The Trump administration has been trying every avenue that soft power affords, and urging America's allies to do the same. President Trump has enlisted Vice-President Mike Pence, Secretary of State Mike Pompeo, Secretary of the Treasury Steve Mnuchin, as well as Bolton, in a wholesale diplomatic effort to support and protect Guaido. Pence has been speaking to Guaido and the world to detail and underscore America's backing for his interim presidency and promise of a democratic transition. Pompeo has taken the case to the Organization of American States and the United Nations Security Council.  Mnuchin has announced new sanctions measures, aimed at blocking the Maduro regime's access to Venezuelan oil revenues and assets in the United States. And Trump has kept a core of courageous American diplomats in Caracas, as emissaries to the newly recognized presidency of Guaido — with Bolton warning Maduro that any breach of their security will be met with "a significant response."

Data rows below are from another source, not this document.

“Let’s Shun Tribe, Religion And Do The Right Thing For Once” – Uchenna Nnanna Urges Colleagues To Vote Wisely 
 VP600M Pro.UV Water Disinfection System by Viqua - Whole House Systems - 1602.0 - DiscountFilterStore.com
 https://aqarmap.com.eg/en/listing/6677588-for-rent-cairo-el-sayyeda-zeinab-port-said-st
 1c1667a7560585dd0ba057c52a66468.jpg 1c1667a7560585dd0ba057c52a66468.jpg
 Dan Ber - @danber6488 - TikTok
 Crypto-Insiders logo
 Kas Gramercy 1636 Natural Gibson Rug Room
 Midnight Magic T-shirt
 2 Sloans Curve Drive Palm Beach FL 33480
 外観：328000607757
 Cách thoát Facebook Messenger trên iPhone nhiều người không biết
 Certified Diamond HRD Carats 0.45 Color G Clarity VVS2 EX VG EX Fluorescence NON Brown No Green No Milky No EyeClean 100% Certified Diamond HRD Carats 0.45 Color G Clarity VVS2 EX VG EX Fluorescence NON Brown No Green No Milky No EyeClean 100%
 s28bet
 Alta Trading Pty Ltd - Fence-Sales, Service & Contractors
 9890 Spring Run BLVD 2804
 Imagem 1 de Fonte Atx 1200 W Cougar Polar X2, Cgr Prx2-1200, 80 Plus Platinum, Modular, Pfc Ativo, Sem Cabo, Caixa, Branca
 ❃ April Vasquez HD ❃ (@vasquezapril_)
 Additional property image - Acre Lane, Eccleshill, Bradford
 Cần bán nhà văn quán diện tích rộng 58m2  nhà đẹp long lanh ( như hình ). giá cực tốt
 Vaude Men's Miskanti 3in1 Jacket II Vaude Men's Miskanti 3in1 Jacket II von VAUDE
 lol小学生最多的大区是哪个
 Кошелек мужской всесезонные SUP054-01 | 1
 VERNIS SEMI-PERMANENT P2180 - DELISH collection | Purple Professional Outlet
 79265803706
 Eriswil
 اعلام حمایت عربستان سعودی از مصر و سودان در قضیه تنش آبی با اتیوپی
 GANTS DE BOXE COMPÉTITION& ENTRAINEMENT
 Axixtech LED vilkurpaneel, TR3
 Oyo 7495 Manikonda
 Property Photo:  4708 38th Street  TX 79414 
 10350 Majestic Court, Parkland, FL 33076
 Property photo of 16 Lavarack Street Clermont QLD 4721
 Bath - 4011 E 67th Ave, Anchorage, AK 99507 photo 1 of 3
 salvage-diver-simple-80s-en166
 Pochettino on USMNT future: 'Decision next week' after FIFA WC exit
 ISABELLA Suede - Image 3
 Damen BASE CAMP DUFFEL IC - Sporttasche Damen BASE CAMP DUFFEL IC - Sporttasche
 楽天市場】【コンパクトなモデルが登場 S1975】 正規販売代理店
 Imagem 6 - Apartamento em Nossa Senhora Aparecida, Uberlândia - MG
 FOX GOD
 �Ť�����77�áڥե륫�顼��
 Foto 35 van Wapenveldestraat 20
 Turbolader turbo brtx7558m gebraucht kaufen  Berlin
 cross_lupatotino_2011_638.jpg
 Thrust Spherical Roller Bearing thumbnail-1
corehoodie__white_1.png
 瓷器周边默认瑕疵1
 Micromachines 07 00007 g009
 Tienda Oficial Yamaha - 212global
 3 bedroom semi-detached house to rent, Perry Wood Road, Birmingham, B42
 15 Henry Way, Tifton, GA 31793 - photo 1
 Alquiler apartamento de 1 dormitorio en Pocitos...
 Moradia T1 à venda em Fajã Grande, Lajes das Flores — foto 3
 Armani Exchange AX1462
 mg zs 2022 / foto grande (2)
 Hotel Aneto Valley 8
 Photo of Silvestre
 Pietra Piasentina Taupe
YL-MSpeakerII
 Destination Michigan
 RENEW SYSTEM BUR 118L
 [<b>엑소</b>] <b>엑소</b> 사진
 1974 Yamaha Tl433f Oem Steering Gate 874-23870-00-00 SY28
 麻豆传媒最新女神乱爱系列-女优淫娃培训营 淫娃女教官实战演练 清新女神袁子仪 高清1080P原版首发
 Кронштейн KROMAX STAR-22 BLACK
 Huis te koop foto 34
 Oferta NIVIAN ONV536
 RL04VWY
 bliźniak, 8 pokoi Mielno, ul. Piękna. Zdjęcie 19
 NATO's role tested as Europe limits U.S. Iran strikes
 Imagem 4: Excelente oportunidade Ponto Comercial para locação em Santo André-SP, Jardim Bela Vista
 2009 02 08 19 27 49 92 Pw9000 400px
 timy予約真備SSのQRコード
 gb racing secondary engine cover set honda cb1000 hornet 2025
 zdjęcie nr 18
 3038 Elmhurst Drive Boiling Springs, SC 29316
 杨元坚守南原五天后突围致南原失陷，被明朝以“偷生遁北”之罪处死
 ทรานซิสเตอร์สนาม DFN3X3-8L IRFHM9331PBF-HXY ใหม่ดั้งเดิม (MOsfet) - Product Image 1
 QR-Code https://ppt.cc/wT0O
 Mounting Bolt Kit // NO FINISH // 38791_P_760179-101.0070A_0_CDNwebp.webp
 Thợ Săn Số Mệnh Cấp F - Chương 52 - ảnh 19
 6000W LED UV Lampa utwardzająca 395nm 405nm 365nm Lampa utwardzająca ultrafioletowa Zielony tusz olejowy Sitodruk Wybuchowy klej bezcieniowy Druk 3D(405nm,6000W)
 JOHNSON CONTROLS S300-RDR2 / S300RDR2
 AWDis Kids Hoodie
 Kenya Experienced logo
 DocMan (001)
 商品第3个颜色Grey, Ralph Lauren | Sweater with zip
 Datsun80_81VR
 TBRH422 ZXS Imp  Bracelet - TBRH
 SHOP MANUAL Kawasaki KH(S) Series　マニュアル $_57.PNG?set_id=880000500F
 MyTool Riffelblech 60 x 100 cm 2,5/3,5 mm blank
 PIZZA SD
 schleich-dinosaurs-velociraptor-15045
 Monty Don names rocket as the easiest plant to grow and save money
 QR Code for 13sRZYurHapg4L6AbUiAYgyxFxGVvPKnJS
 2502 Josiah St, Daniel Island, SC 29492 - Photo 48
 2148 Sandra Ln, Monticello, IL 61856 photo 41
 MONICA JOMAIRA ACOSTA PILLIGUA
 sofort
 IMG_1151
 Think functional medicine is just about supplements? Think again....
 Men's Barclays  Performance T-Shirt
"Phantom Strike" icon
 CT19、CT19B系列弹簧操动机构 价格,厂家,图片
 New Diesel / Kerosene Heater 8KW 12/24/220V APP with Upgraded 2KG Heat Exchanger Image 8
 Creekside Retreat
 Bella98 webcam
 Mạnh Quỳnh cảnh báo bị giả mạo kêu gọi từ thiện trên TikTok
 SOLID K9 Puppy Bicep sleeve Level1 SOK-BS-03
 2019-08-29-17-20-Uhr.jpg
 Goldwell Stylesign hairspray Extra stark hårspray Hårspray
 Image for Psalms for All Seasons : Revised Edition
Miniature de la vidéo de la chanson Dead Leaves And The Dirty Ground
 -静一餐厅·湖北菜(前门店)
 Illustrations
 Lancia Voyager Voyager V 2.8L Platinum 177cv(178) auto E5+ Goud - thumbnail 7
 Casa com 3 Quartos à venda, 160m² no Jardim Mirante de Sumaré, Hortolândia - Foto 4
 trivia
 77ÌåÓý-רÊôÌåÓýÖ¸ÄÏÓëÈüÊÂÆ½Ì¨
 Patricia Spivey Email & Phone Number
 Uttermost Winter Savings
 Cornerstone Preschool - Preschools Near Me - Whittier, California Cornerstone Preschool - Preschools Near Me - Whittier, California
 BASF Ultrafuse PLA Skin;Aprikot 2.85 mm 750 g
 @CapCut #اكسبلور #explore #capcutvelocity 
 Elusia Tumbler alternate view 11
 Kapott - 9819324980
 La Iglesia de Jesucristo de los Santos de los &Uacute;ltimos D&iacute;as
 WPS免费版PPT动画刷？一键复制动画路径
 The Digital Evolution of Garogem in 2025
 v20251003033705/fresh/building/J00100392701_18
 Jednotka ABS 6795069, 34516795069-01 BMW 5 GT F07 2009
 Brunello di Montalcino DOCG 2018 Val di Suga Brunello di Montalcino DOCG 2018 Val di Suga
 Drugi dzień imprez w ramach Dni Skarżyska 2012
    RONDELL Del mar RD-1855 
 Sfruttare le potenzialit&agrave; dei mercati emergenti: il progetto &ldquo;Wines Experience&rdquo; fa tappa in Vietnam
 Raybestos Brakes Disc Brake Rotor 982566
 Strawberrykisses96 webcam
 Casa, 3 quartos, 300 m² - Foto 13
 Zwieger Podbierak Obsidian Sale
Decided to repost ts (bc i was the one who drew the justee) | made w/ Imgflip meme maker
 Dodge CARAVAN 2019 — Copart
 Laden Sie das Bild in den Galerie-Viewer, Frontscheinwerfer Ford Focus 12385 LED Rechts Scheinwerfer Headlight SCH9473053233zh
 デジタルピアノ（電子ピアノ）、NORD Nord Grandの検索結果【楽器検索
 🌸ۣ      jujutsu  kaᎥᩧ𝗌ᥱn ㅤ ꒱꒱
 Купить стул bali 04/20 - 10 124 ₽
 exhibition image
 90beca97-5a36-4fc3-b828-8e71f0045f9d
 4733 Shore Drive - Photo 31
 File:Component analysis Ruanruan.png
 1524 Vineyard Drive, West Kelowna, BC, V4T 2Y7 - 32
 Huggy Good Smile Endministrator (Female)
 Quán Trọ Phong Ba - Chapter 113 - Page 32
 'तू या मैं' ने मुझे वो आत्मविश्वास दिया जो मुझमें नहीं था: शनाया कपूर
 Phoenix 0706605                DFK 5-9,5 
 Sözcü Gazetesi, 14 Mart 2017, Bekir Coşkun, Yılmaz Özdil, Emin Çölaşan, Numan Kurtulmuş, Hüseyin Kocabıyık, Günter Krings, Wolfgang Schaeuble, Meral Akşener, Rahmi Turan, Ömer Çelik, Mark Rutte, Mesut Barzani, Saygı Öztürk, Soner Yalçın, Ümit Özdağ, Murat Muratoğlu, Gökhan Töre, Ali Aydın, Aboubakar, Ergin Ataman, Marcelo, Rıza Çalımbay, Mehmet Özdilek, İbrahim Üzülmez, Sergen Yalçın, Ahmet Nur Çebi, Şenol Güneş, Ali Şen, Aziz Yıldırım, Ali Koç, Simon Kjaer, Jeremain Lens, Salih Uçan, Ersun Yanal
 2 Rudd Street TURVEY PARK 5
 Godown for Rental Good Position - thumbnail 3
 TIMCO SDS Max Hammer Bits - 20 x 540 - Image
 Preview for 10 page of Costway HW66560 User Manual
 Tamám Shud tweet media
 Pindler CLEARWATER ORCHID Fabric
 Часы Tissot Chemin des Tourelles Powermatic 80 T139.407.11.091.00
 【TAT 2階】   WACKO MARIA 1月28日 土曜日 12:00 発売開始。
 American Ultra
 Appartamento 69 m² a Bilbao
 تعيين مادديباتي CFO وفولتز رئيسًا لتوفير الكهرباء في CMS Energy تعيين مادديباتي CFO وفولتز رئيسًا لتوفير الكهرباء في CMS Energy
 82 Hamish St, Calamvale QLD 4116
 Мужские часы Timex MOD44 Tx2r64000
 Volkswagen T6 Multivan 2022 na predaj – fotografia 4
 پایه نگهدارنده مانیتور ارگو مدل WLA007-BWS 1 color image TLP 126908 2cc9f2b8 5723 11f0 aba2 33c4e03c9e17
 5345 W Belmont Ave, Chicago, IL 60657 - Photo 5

But will soft power be enough? Whatever the declarations of support for Guaido and his legitimacy, or the sanctions on Maduro and his gang, this showdown will be decided on the ground in Venezuela. Short of America going to war to get rid of Maduro, the big question is how to persuade Maduro, his Cuban security apparatus and the Venezuelan military that it would be mortally against their interests to harm, jail or kill Guaido, or turn this crisis into a shooting match — because they would lose.

Anything that points Maduro and his backers toward that conclusion, any threat that motivates Maduro to head toward the exit, could help tip the balance toward an end to his rule. And the prospect of thousands of American troops deploying to Colombia might well — as the Bloomberg story suggested — rattle Maduro. Colombia, which borders on Venezuela, has been absorbing many of the more than three million Venezuelans who have fled Maduro's dictatorship. Colombia is one of the growing number of democracies that have recognized Guaido as the legitimate president of Venezuela.

Americans are not eager to go to war in Venezuela, and I doubt Colombia savours the prospect either. But it would be a very good thing to persuade Maduro that the will and the plans are there, if that's what it takes.

That's where Bolton's very interesting notepad comes into play. A scribbled note about "5,000 troops to Colombia" is brilliantly ambiguous. Until someone finds a handwriting expert to weigh in, we don't even know if the writing was his — though the odds seem high that it was. Nor can it really be called a "statement." It was a note. Apparently it was a note on page three (there was a circled "3" at the top of the page), so we don't know what was on pages one and two. We don't know if it was a definite plan, or one of many options merely being discussed, or something mentioned but ruled out  — we don't know what it was.

Yet the threat to Maduro was there. Well done.

If Bolton exposing his notes to the press was an accident, it was stunning good luck that the only news spilled out was that cryptic yet useful message.

And if Bolton fully intended to let the press capture his note on camera, he did a fine job of it. A beautiful piece of diplomatic poker. That's what I'm betting it was.